Pierre comenzó a retorcerse las manos con nerviosismo, a la espera de la gran ballena negra, quien le traería su anillo de plata. Su cara se iluminó con una sonrisa al ver que la puerta se abría, pero en lugar de ver la obesa cara de Anetta, fue la fina figura de Diáspora la que entró.

—Diáspora —musitó, desviando la mirada, apenado del deplorable aspecto que debía ofrecer, con todas esas manchas rojas en su piel, su cabello desordenado y embutido en aquella bata que lejos de realzar su figura, lo hacía ver delgado en extremo.

La cara de la castaña de mostró afligida y con pequeños pasos, se acercó hasta pararse junto a la cama.

—¡Ay, Piercito bobito! —exclamó entre sollozos francamente fingidos—, vengo a pedirte perdón por este terrible malentendido.

Pierre levantó la cara, extrañado ante el comentario.

—¿Cómo dices?

—Me acabo de enterar de que, bueno; de que todo fue una confusión —confesó la castaña.

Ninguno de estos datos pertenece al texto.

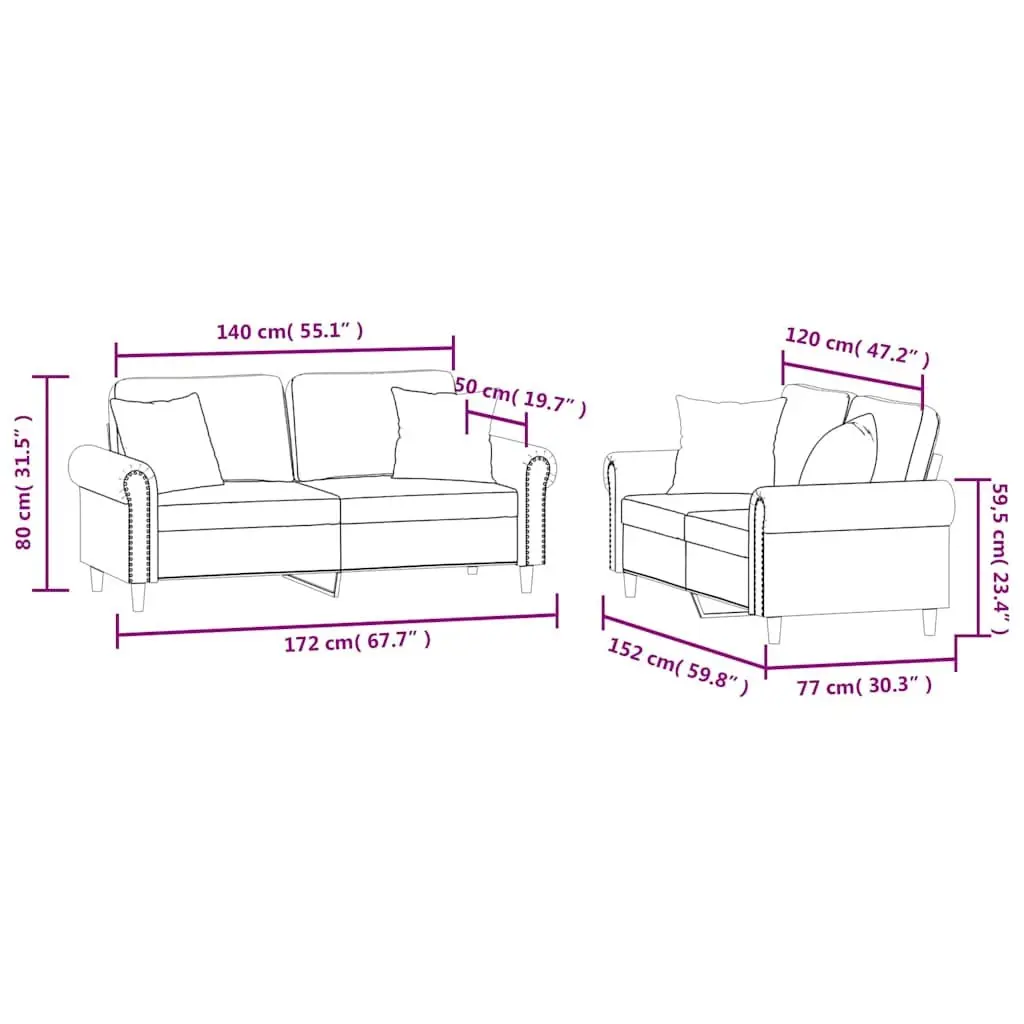 2 Piece Sofa Set Velvet Black Couch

Pierre se hizo a un lado para permitirle a la chica sentarse en el filo de la cama. Como ese día no había clases, Diáspora vestía una blusa rosa que armonizaba con su falda café de lunares blancos, eso aunado a sus medias negras, sus zapatos de bailarina y su enorme moño blanco le daban una imagen infantil y casi dulce.